After plowing through the March wholesale pricing data, Cox Automotive returned back to a discussion about IRS activities and a recap of how retail sales landed in March.

Historically, Cox Automotive acknowledged used-vehicle sales in the U.S. have peaked in the weeks following the peak in tax refunds. Starting in 2017, however, the IRS delayed the point when households with eligible tax credits could file tax returns. This resulted in refunds being delayed by approximately four weeks, impacting used-vehicle sales and pricing.

“This same situation is impacting 2018, as well,” analysts said.

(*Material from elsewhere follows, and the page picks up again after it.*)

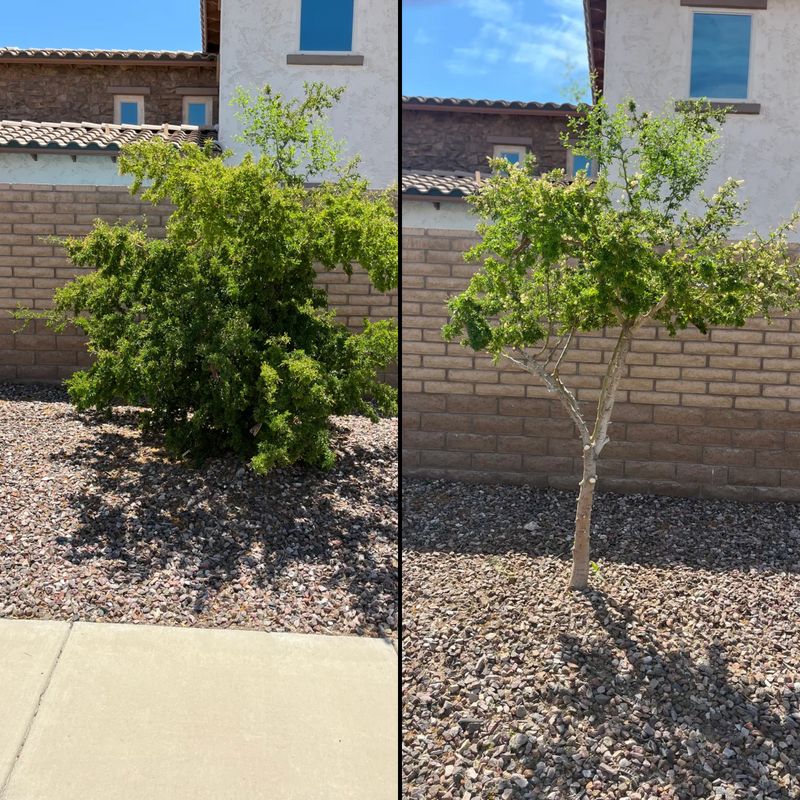 Tree & Shrub Care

Used-vehicle sales in March increased 1 percent over year-ago levels, according to Cox Automotive estimates, with the month’s seasonally adjusted annual rate (SAAR) for used vehicles rounding out at 39.5 million units.

Since 2009, the average March increase relative to February in the Manheim Used Vehicle Value Index has been 3.5 percent, just slightly higher than the March 2018 unadjusted increase of 3.4 percent.

Analysts explained the historical bump in March pricing has been driven by an increase in used-vehicle demand driven by earlier tax refunds.

“The seasonal-adjustment process still expects to see this historical pattern in used-vehicle values,” Cox Automotive said. “As a result, the seasonally adjusted value for March registered the slight 0.15 percent decline.”

Through the week of March 23, Cox Automotive mentioned the cumulative number of refunds in 2018 is down 1 percent compared to 2017.

“The weekly trend in refunds, however, relative to last year, is now trending up, with experts predicting a stronger price trend in April as retail used-car demand will likely peak for the year,” analysts added.

Meanwhile, on the new-car side, Cox Automotive recapped that new-vehicle sales increased 6 percent year-over-year in March, coming in far stronger than forecast and surprising most analysts and experts.

The March 2018 new-vehicle SAAR of 17.4 million, up from 16.7 million in 2017, marked the seventh straight month of more than 17 million SAAR and the third best March on record.

“Cars continue to experience sharp declines in the market, with sales last month falling 9 percent compared to year-earlier levels. Trucks and SUVs continued to gain share,” analysts said.

The latest commentary from Comerica Bank also touched on new-vehicle sales, noting how challenging it is to project future figures.

“Forecasting auto sales is now a two-handed argument,” Comerica Bank chief economist Robert Dye said.

“On the one hand, strong economic conditions are supportive of ongoing auto sales,” Dye continued. “On the other hand, sales were declining through the first eight months of 2017, then came the surge in sales in September as a result of hurricane damage along Gulf Coast.

“We expect to see gradually easing auto sales this year,” he added.

Trends and economic momentum

Cox Automotive closed its latest index update by noting some general economic news.

Analysts mentioned the fourth quarter's real GDP growth rate was revised upward to 2.9 percent from its previous 2.5 percent.

“Expectations remain for a continuation of accelerated growth this year due in part to increased consumer spending and business investment resulting from recent tax reform,” Cox Automotive said.

“Despite consumer confidence last month experiencing a moderate decline from a 17-year high in February, largely due to stock market volatility, consumer spending expectations remain high due to tax cuts, strong wage growth and the robust labor market,” the company went on to say.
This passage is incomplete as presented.